The geographic distribution of cases of relapsing fever in California is much more restricted than for Lyme disease cases, reported most often in the Lake Tahoe and Mammoth Lakes regions of the Sierra Nevada [51]. Cases in California are typically associated with B. hermsii, transmitted by the soft tick Ornithodoros hermsi, which occurs at higher altitudes (450 to 2400 m) and feeds preferentially on squirrels and chipmunks [52]. These ticks can feed multiple times per stage and live more than a decade, ensuring long-term persistence of the pathogen in a site once contaminated [51]. Experimental challenge of a diversity of rodents by tick bite or injection resulted in spirochetemia in pine squirrels (Tamiasciurus hudsonicus), yellow-pine chipmunks, and meadow voles (Microtus pennsylvanicus) and clinical disease in the pine squirrels [53]. Statewide serosurveys have documented exposure in Allen’s chipmunk of 20% to a high of 47% in yellow pine and 57% in long-eared chipmunks in the Sierra Nevada [52], and PCR-based evidence of infection in a study focused near Big Bear Lake, CA was found in unidentified chipmunk species [5]. Although we detected a low prevalence of RF Borrelia in chipmunks, active infection was detected on the coast in redwood chipmunks, in addition to infection in least and lodgepole chipmunks in the Sierra Nevada. More work to differentiate among chipmunk species in their reservoir capacity is needed. This includes additional testing within fine spatial scale enzootic foci, reporting chipmunks to species, and additional experimental trials of multiple species of chipmunks.

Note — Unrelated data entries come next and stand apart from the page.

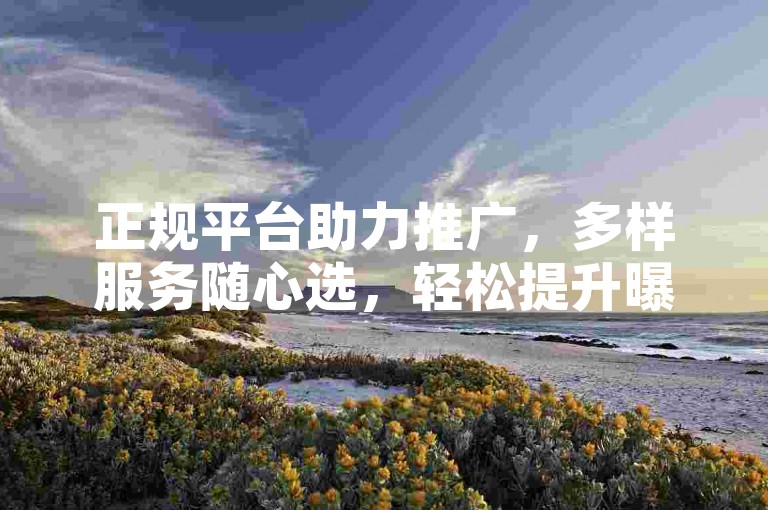 正规平台助力推广，多样服务随心选，轻松提升曝光度。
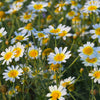 1000 GARLAND CROWN DAISY Chrysanthemum Coronarium Glebionis Flower Seeds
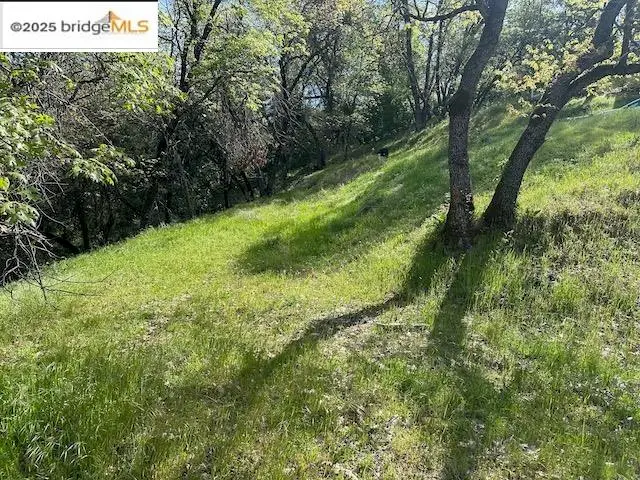 21327 American River Dr, Sonora, CA 95370 - Image #3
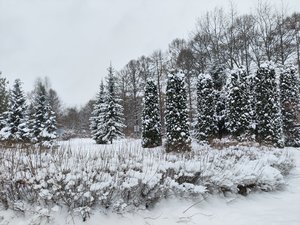 IMG_20231210_124547.jpg
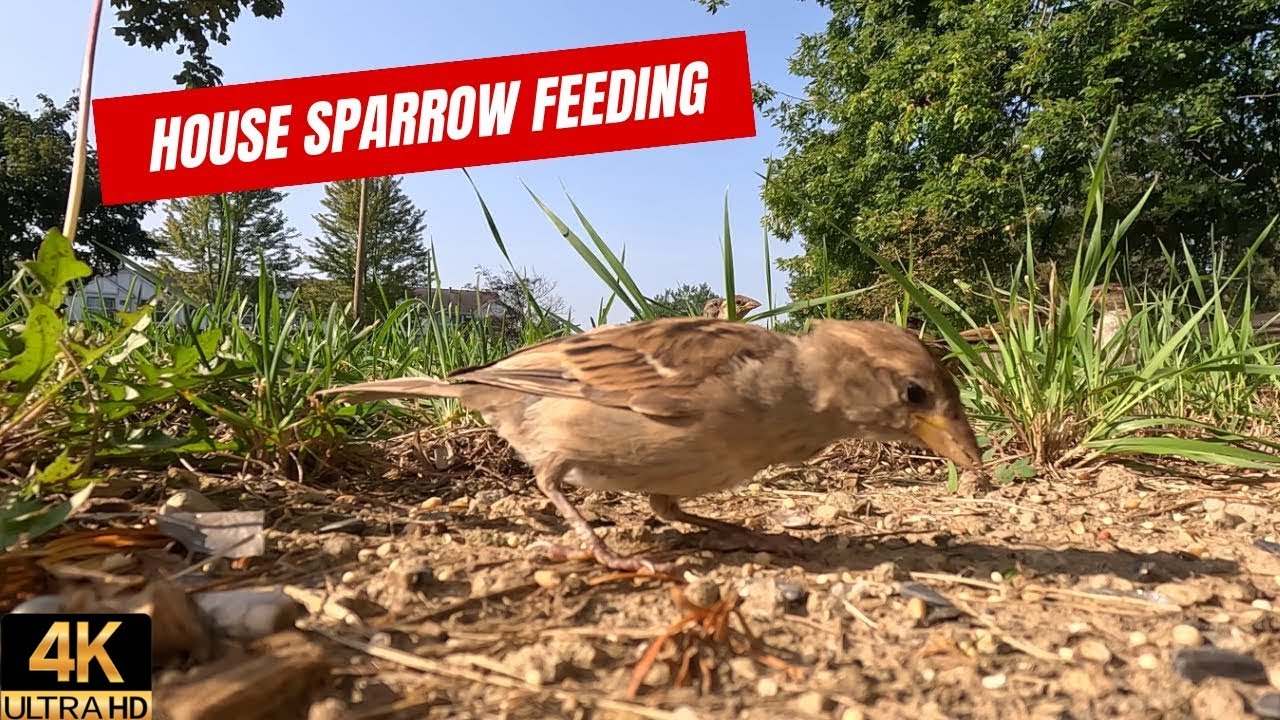House sparrow birds youtube YouTube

We also found considerable evidence for Rickettsia spp. in chipmunks although most reactive chipmunks had antibodies but not DNA, making it impossible to determine which bacterial species they were exposed to. Rickettsiae are poorly sampled using PCR of blood because the target tissue is less accessible than blood, suggesting greater yield could be expected if sampling was done of whole carcasses. There are numerous co-circulating spotted-fever group rickettsial species, including R. rhipicephali, R. montanensis, and R. rickettsii [54–57]. Rodents can develop clinical disease with R. rhipicephali [58]. Chipmunks are reportedly susceptible to infection with R. rickettsii and an isolate was acquired from a yellow-pine chipmunk in Montana, although infection was not prolonged beyond a week [7, 59]. In theory, the low virulence rickettsiae could “immunize” small mammals against pathogenic R. rickettsii [60], while presence of one Rickettsia spp. in a tick can inhibit transovarial transmission of a second species [61].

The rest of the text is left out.